What needs to be done: Copy all the lines of the listing below exactly. Skip the images.

Data provided:
::::

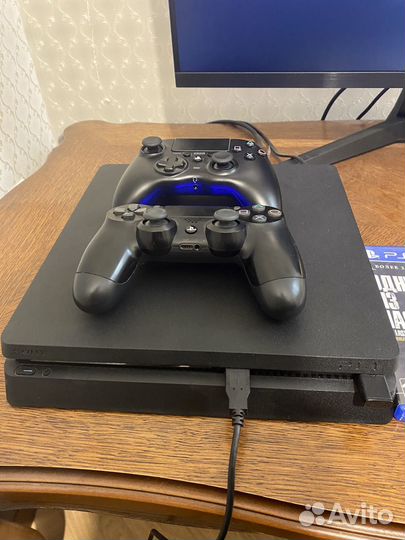 Sony PS4 slim 1tb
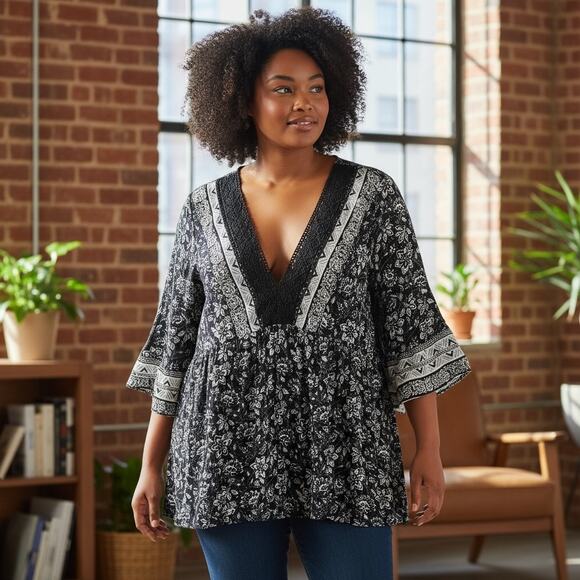 Catherines Lacy Peasant Top Woemns Size 0X Blue Floral Bell Sleeve Relaxed Flowy - Picture 2 of 8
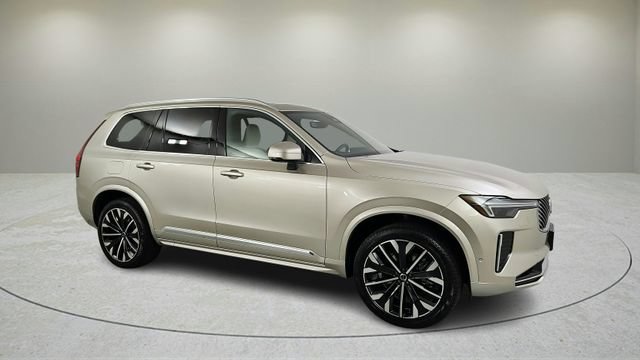 New 2026 Volvo XC90 T8 Plus w/ Protection Package Premier AWD/4WD image 2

::::

The answer:
 Sony PS4 slim 1tb
 Catherines Lacy Peasant Top Woemns Size 0X Blue Floral Bell Sleeve Relaxed Flowy - Picture 2 of 8
 New 2026 Volvo XC90 T8 Plus w/ Protection Package Premier AWD/4WD image 2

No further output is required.